Discussion in 'General Parenting' started by tiredparents, May 22, 2011.

  1. tiredparents

    tiredparents New Member

    This is hard to start. I am going to start with my son, I. He is 6 years old, his bio father has not been around for the last year. Thankfully my current husband is wonderful and my son calls him dad. I was molested by my stepdaughter, his fathers first daughter. We have had him in counseling with a psychologist for the last year, and our pediatrician and our psychologist are referring him to a psychiatrist for a possible diagnosis of Conduct Disorder. But nothing truly diagnosed yet. Some of the problems we deal with are I peeing on things in his room, he messes in his underwear on almost a daily basis, and hides the underwear. He is very aggressive to our 4 year old, chokes him, yells at him, gets so easily irritated with him. He will lie right to my face even when I have seen him in the act. He will do this with my husband as well. He is ending his kindergarten year, and to my surprise we have had no issues at school. Only at home. He can be very destructive to his things, and others things. We have problems with him being too sexually active with himself, which I know is normal to some extent. But for example my husband went past his room last night and he had his shorts down and quickly pulled them up when he heard my husband walking. So this I would classify as normal I think, but then when I woke up this morning and went to the bathroom, as I passed his bedroom and looked in, I noticed that he was basically prancing around his room completely naked. We are so worn out and it is hard to know how to deal with him, as we have 2 other children.

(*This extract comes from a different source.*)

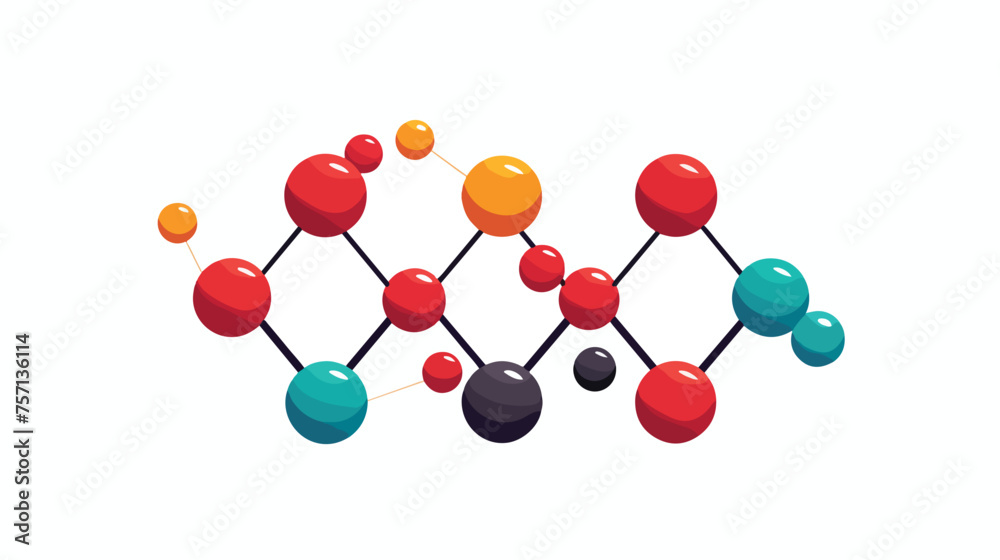 Science icon molecule chemistry icon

I seen on someones post that their child can't stand to have the tags in their shirt, Isaiah is the same way. I never put that with anything that we are dealing with, but now I am starting to look at everything. I love this child with all of my heart. He is my first born and it is very hard to accept the things that he is doing. I am at a loss. His bio father definitely has some of the same issues, and obviously so does his daughter, whom I raised for 9 years. Isaiah has just had the perfect storm for problems. On top of his father walking out of his life, and him being molested, I suffered a ruptured brain aneurysm in August and spent 30 days in the ICU, since I have thankfully made a full recovery. My husband and I are looking to find the support from other parents who are going through the same type of things. Any type of response will be greatly appreciated! Thanks so much for your time.
    Shawn and Amy
    Last edited: May 22, 2011
  2. TerryJ2

    TerryJ2 Well-Known Member

    It sounds like a combination of genetics and environment from what you've explained. I would absolutely NOT accept a diagnosis of CD at this point. He's got to be 18 and have a long history of breaking the law and flaunting the rules of society. He's way too young for that. Find another dr.
    In the meantime, take the tags off of his shirts, slow down the pace of his life, and get him into a routine as much as possible.
    Poor kid, he's been born with-crummy coping skills, and then he gets hit on so hard.
    Have you read The Out-of-Sync Child by Carol Kranowitz and Lucy Jane Miller? I would recommend it.
    Welcome, and I'm glad you found us.
  3. tiredparents

    tiredparents New Member

    Thank you for your response. It is greatly appreciated. Question for you. How do you put your signature? Thank you for your input on the CD, we have just taken what the pediatrician has said as a possible diagnosis. But now, I feel as though, I might need to look into a second opinion from a diff. pediatrician. Yes, he's been born with- crummy everything, except for the love that I have for him. My husband and I have tried so hard to keep the bio father in his life, but we do not feel as though chasing him down and making him be in Isaiah's life will do anything but harm. I know that the bio father has some issues, and so does his daughter. When I brought the molestation up to him, of course he denied that it happened, and so does his daughter. But CPS has said that the things that Isaiah has said proved that it had been a on going thing. He actually told them more than what he told me, and they told me that this was normal.
    We have had some recent contact with the bio father through facebook. I made Isaiah a profile specifically so he could communicate with him, they had one conversation and the next day Isaiah was blocked from his profile. I know this has some impact on Isaiah and his emotions, so this was my final attempt to keep the bio in the picture. I have more important things to worry about, like helping my son, and being there for my other two children. So thank you again for your response. It is greatly appreciated.
    Last edited: May 22, 2011
  4. TerryJ2

    TerryJ2 Well-Known Member

    Go up to the top of the screen and click on My Profile and Settings (separately) and follow the prompts and type into the fields. There is a key where you can review your changes b4 posting them. I had to do it 4 or 5 times to get it right!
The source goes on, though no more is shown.